L’universalisme et l’amour

L’universalisme a toujours été plus ou moins à l’ordre du jour ; il traverse toute l’Histoire y compris celle des religions dites du Livre. Le plus souvent il a été confondu avec l’expansionnisme où les idéologies politiques, l’appât du gain, n’ont plus rien à voir avec l’idée matrice de base : proclamer, témoigner de la vérité de l’existence d’un Dieu de paix et d’amour. L’homme, par nature, par expérience, est porté vers cet universalisme qui le fascine et l’inquiète. Mais sur quoi le construire ? C’est un fait, depuis toujours, l’homme traverse des passages incontournables : il connaît la souffrance, la joie, la peine, la fête. Mais il est porté par le désir et l’amour. Ce dernier ne serait-il pas la pierre angulaire, le fondement par excellence de sa recherche éperdue ?

Universalisme de l’amour

En effet, force est de constater que l’amour n’est pas la marque du seul christianisme ; depuis des siècles, l’Hindouisme, entre autres, a repéré la voie de la Bhakti, à savoir le chemin spirituel de l’amour, de la dévotion envers la Divinité – chemin qui conduit à des sommets de la spiritualité universelle. Lorsque Saint Augustin (IVe s.) met en tension la Cité de Dieu et la Cité terrestre, lorsqu’il avance l’espérance d’une cité de Dieu où se réaliserait toute la complétude désirante de l’humanité, il ne fait que traduire son attente d’un universalisme d’amour enfin réalisé. Toute la Bible porte vers cette espérance.

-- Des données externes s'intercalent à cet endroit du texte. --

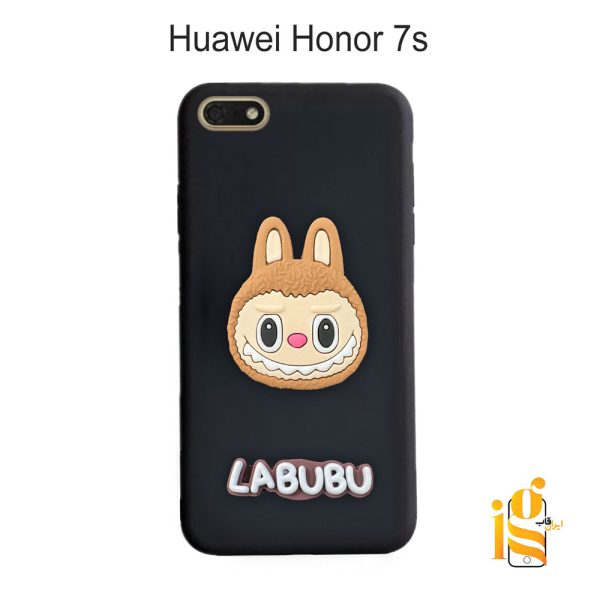 گارد گوشی عروسکی لبوبو برای موبایل هوآوی آنر Honor 7s
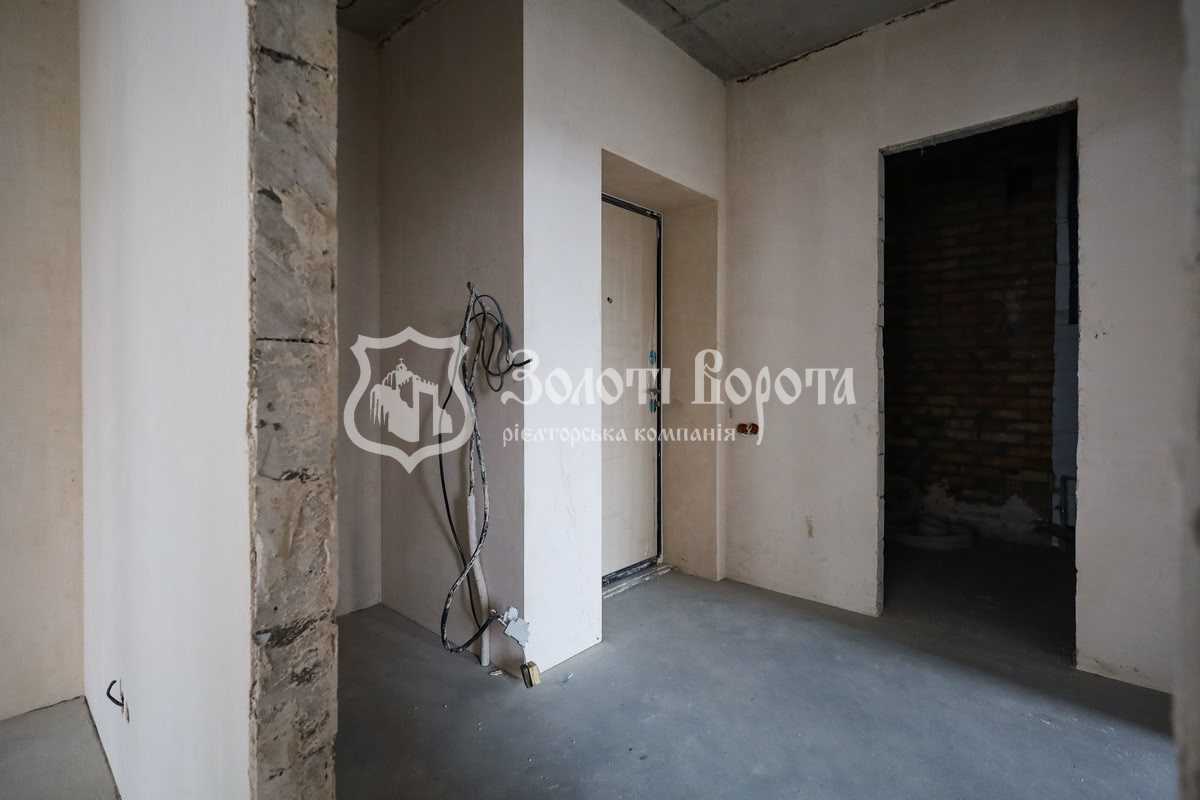 Продажа 2-комнатной квартиры 52 м², Камянська, 123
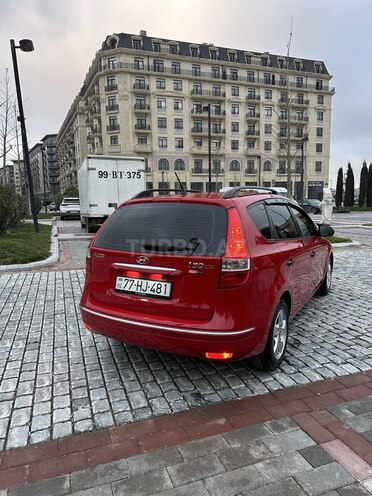 Hyundai i30 2009, 266,625 km - 1.4 l - Bakı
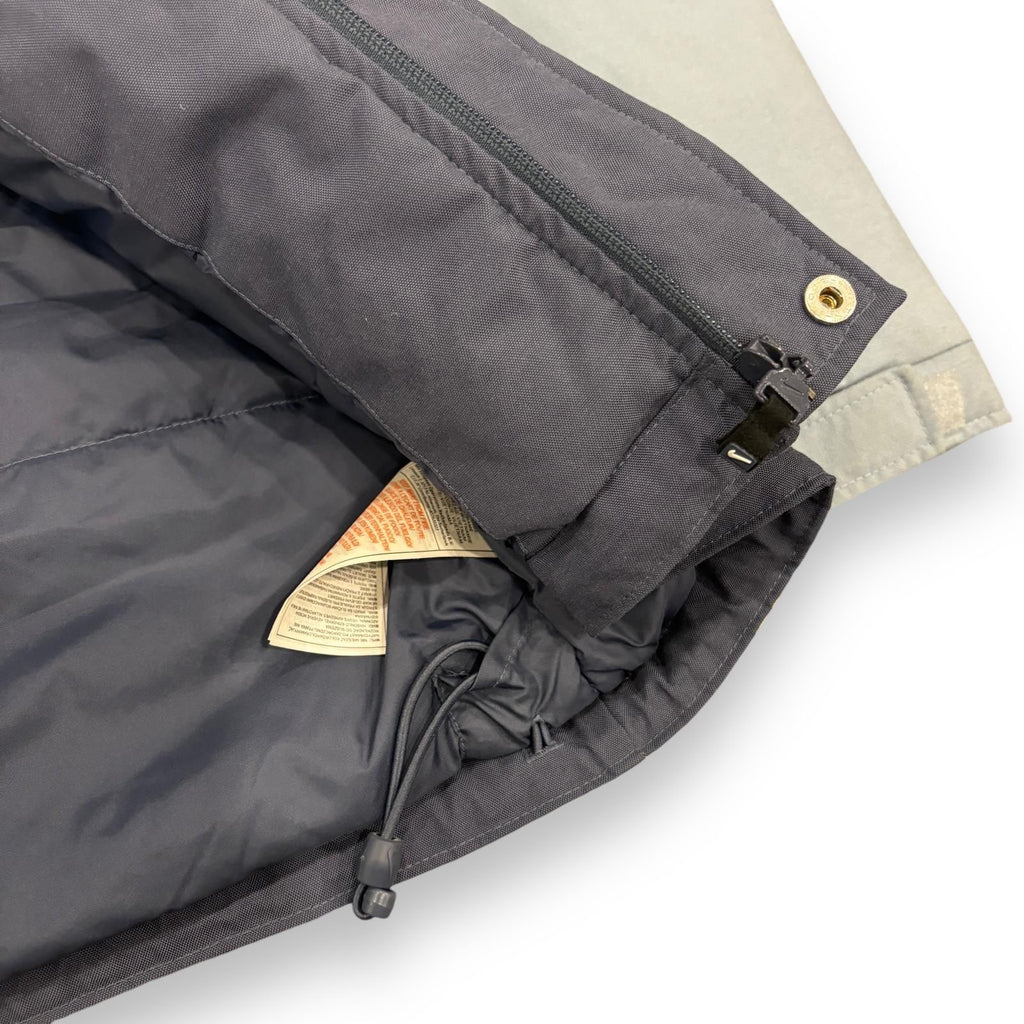 00s Nike Panelled Jacket (M)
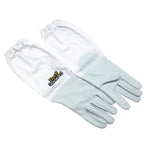 Load image into Gallery viewer, Bee Steward Beekeeping Gloves | Dancing Bee Equipment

La gloire de Dieu « remplit les cieux et la terre », c’est-à-dire tout l’univers. Cette gloire divine, que Calvin met au-dessus de tout, reste le but ultime de toute vie chrétienne, dans ses aspects les plus humbles, les plus simples, dans ses rapports aux autres. Les textes johanniques sont particulièrement forts : « Dieu est amour » (1 Jn 4,8 et 16) « Et cet amour consiste non pas en ce que nous avons aimé Dieu, mais en ce qu’il nous a aimés le premier » (1 Jn 4,10). L’amour de Dieu (génitif subjectif) et l’amour pour Dieu sont en étroite relation. L’amour a été chanté, décliné, prêché sous toutes ses formes depuis les plus hauts sommets de la mystique universelle, presque toujours teintée d’un érotisme plus ou moins sublimé, jusqu’à ses aspects les plus triviaux ; mais dans ce cas, était-ce encore l’amour ?

Anthropomorphismes

Pour le théologien, l’amour figure, traditionnellement, parmi les attributs ou qualités en Dieu. Or, en ce qui concerne le champ de la « connaissance » de Dieu (la question « qui est Dieu ? »), il est amené à énumérer des propriétés, des perfections, donc des attributs, lesquels ne seraient qu’ébauchés chez l’homme en marche vers sa fin. Certain sont communicables (amour, miséricorde…), d’autres ne le sont pas (unité, infinité…). Dans cette perspective, Dieu a donc été revêtu de toutes les qualités rêvées par l’homme jusqu’à courir le risque d’en faire une idole par excès d’anthropomorphisme. Calvin, toujours prudent, souligne que « la connaissance de Dieu consiste plus en vive expérience qu’en vaine spéculation » (Institution de la religion chrétienne, 1541). Il ne retient que les attributs (vertus) « que nous avons noté reluire au ciel et en la terre à scavoir clémence, bonté miséricorde, justice, jugement et vérité ». Il note également la puissance, la sainteté. L’amour de Dieu, attribut communicable par excellence, n’est pas cité. Bien entendu, le Réformateur ne l’ignore pas pour autant.

À vues humaines l’amour en soi n’existe pas

Jusque là, nous restons dans la tradition chrétienne la plus reconnue, illustrée par les plus grands penseurs et mystiques de tous les temps. De là à conclure que l’amour est la pierre angulaire de l’universalisme, il n’y aurait qu’un pas. Mais je crois qu’à vues humaines l’amour en soi n’existe pas.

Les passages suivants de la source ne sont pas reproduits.